So here are a few of my own recipes for avoiding this kind of discouragement. They may or may not apply to you. Only you can decide.
1. It’s better to take a job you want at less pay than a job you don’t want for more pay. But you can learn from any job.
2. It’s okay to suffer intense temporary discomforts in order to reach a longer-range goal. But make sure it is only temporary.
3. Debts can be chains, best used when they can haul you to new heights, rather than entangle your legs. It’s the same with possessions. “Man doesn’t possess possessions: they possess us”.
4. Travel while you are young, and still are free of responsibilities. See what a big, broad, beautiful land we have here, then maybe a foreign land or two. See that there are honest, hard-working people in every corner of the globe, all quite certain that their own way of living, their local geography, their music, etc. is most beautiful.
5. Keep your health. It’s easy while you are young. But our fine, tempting, modern civilization can erode it easily too. Many a man or woman has finally worked himself into a position where he could do something, and then found he no longer had the health to do it or enjoy it.
5½. In view of the fact that good health and energy don’t last forever, it’s worth doing some things earlier than later.
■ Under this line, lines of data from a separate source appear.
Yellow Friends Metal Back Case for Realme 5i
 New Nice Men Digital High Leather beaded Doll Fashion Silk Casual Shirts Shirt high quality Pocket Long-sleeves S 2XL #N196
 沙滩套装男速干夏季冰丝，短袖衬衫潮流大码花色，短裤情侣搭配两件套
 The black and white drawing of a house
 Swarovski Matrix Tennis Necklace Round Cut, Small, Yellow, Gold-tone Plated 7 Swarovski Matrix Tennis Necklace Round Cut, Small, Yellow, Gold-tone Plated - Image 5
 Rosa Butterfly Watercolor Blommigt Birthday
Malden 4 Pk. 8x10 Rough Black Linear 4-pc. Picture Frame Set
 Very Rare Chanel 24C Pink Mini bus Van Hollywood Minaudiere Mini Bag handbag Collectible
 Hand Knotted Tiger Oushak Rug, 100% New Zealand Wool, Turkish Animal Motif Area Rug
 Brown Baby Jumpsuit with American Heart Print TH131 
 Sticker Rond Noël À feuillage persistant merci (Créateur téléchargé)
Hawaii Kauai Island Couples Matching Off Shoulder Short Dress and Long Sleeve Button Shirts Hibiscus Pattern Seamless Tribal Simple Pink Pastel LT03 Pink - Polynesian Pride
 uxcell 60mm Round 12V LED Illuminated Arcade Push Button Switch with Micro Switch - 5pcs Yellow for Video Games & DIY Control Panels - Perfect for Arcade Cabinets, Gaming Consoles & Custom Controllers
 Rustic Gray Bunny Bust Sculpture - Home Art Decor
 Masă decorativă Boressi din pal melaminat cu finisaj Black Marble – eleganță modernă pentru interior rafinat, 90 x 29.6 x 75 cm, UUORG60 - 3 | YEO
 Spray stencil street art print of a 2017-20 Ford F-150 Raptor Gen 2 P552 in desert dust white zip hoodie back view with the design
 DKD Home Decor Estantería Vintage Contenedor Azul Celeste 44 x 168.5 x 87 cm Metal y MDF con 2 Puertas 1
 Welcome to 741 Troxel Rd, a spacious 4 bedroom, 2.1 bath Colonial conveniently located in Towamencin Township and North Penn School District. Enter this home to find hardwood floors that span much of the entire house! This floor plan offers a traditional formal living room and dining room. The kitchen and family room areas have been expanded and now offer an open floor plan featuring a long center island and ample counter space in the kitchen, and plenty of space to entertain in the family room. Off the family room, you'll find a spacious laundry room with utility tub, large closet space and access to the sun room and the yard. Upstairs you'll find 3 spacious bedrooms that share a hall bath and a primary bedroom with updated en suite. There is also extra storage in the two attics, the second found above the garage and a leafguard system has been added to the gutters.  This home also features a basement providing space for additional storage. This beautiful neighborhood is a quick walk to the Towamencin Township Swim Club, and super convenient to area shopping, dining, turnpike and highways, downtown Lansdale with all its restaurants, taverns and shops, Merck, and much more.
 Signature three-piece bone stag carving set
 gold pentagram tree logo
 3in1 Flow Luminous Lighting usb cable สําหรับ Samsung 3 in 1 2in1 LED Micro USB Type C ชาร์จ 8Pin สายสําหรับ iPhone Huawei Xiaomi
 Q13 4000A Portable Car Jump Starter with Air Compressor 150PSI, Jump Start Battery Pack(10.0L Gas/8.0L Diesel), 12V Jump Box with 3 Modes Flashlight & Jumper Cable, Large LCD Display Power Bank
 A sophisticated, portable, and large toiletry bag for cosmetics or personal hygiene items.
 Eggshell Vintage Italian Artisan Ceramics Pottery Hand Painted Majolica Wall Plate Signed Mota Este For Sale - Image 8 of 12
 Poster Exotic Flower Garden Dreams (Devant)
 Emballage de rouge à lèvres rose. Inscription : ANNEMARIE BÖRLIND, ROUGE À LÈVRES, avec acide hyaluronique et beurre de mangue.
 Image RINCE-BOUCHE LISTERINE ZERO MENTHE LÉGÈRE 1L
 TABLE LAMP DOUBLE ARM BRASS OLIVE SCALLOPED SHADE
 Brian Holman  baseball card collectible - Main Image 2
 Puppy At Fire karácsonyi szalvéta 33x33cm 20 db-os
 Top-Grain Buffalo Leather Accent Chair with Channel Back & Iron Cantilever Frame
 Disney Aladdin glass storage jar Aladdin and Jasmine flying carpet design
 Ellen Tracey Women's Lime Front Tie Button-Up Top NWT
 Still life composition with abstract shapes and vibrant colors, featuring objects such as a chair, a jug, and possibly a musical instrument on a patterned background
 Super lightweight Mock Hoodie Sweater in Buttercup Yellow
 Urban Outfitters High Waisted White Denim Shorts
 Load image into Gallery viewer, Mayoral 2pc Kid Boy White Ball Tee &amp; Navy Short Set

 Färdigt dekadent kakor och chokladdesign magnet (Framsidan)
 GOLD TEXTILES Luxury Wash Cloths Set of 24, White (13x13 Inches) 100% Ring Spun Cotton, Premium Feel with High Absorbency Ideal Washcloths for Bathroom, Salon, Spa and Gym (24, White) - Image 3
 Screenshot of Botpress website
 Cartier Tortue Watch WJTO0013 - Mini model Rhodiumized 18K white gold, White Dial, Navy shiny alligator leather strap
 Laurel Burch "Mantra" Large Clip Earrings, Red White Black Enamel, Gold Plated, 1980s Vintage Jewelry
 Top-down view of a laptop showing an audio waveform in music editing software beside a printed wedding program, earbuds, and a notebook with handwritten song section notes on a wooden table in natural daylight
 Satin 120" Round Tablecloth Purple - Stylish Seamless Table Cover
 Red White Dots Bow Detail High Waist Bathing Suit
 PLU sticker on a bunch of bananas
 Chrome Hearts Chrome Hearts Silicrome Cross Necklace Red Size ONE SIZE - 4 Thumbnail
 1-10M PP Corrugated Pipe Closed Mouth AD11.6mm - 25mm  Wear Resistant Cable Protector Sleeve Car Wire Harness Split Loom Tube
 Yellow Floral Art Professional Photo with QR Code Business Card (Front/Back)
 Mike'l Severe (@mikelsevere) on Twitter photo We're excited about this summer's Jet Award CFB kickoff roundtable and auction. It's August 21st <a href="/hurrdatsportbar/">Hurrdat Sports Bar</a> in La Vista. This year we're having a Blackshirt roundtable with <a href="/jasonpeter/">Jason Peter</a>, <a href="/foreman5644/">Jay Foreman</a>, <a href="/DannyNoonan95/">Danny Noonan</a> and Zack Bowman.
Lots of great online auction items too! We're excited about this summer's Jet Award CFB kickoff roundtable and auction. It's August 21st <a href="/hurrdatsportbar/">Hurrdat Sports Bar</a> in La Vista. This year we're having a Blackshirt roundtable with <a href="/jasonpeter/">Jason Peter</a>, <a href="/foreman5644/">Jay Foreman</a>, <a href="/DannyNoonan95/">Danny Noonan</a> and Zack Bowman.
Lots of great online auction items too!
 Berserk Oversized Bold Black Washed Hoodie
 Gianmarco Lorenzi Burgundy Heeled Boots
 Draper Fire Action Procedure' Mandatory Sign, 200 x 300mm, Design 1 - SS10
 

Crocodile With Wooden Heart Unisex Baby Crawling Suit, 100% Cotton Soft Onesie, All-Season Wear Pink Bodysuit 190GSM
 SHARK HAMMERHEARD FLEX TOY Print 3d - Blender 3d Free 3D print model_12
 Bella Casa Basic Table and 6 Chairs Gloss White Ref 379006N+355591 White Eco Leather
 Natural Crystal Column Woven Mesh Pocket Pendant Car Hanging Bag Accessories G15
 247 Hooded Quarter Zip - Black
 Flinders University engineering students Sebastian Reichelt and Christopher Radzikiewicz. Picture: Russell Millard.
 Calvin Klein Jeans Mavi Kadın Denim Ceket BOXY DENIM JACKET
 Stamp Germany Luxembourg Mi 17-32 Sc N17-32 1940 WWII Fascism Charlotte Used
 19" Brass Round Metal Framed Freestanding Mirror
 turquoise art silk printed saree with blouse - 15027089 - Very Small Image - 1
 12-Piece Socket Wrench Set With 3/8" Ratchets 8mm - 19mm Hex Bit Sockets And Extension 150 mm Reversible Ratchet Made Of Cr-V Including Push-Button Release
When my wife and I were about thirty and very broke, we built own our house, inch by inch, on a mountainside. Glad we did; doubt we’d have energy enough to do it now. And I’ve known too many people who put off such projects “until we have the money” or “until we have the time” – and if they eventually did get the money or the time, they no longer had the energy.
6. A happy sex life may take years to achieve, but it’s worth it in the long run. Worth the time, the thought – or rather, the thoughtfulness – and, often, the waiting.
7. A few short ones: Prestige is much overrated. The celebrity business is for the birds. Respectability is nice, but consider: whom do you most want to respect you? Money is like air or water. You need a certain amount to live. Beyond that, who wants to be a dog in the manger?
And now I’ll stop before I rattle on any longer, like any old graybeard. All the foregoing applies to the one central thing I mentioned at the beginning: how to keep discouragement from withering the priceless enthusiasm which most young people have.
So far I’ve quoted FDR and Ralph Waldo Emerson. Here are a few more favorite quotes. (Note: When you steal one person it’s plagiarism. When you steal from ten, it’s scholarship. When you steal from a hundred, it’s original research.)
First, a story about the late comedian Fred Allen. He once saw a small boy toddle in front of a truck and snatched him to safety just in time. On the sidewalk again, he said, “S’matter kid: don’t you want to grow up and have troubles?”
Next, a fragment from the German poet Bertolt Brecht.
. . .For we know only too well:
Even the hatred of squalor
Makes the brow grow stern;
Even anger against injustice
Makes the voice grow harsh. Alas, we
Who wished to lay the foundations of kindness
Could not ourselves be kind.
Here’s a famous line credited to Gandhi: “To the millions who have to go without two meals a day, the only form in which God dare appear is food.” A line from a Harvard graduate back from Africa: “Nigerians are a proud people who don’t want tourists, don’t want heroes, don’t want saviors. They just want schoolteachers.”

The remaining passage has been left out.